▸ **Information given**:

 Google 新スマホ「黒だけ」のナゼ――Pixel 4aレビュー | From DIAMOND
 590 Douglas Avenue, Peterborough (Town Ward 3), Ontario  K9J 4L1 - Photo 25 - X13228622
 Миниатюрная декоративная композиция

* * *

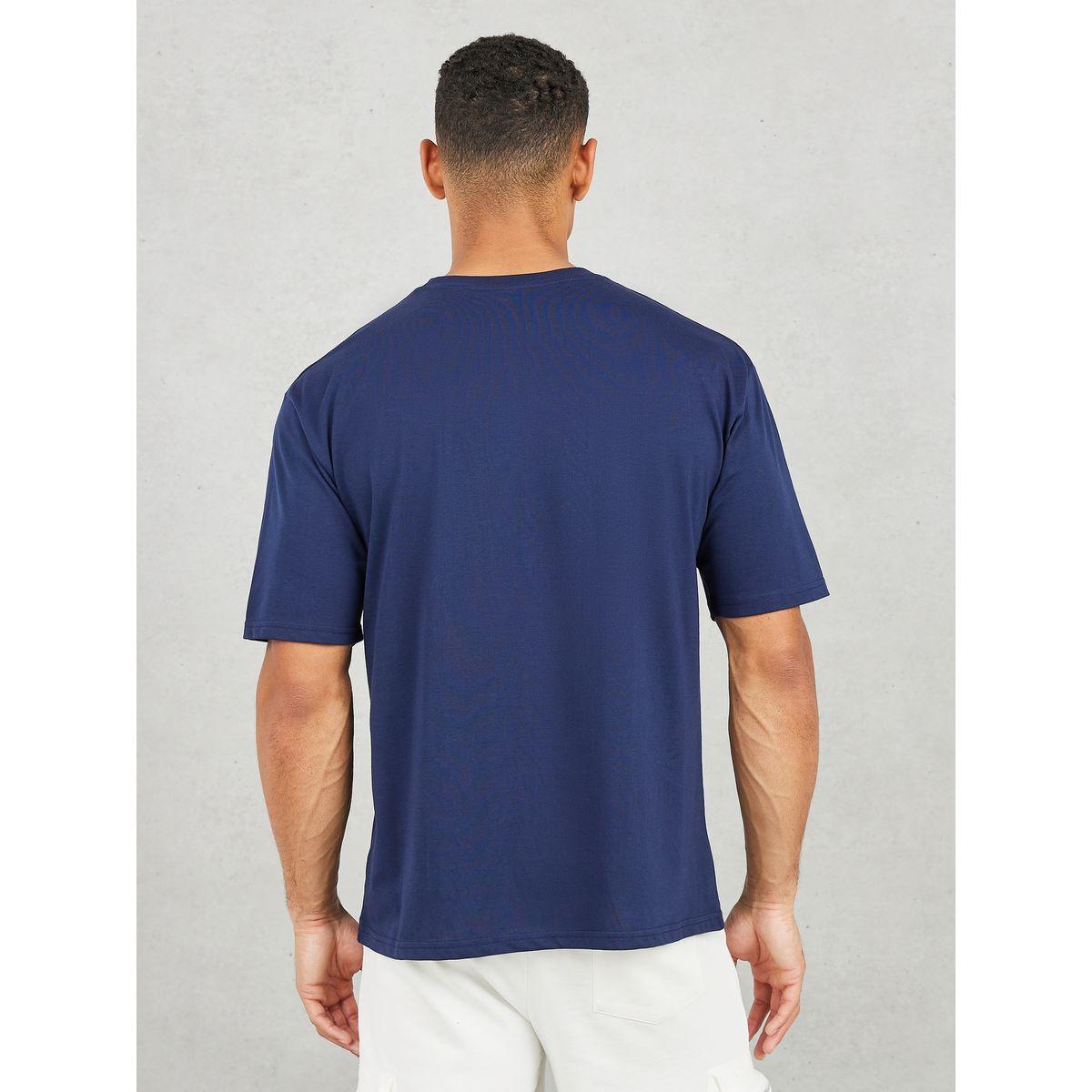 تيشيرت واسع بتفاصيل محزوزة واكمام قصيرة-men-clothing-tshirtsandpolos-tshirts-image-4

▸ **Your objective**:
Once you find the line with "Google 新スマホ「黒だけ」のナゼ――Pixel 4aレビュー" above, print it and every line after it up to and including the line with "Миниатюрная декоративная композиция", exactly as written and nothing else.

▸ **Your solution**:
 Google 新スマホ「黒だけ」のナゼ――Pixel 4aレビュー | From DIAMOND
 590 Douglas Avenue, Peterborough (Town Ward 3), Ontario  K9J 4L1 - Photo 25 - X13228622
 Миниатюрная декоративная композиция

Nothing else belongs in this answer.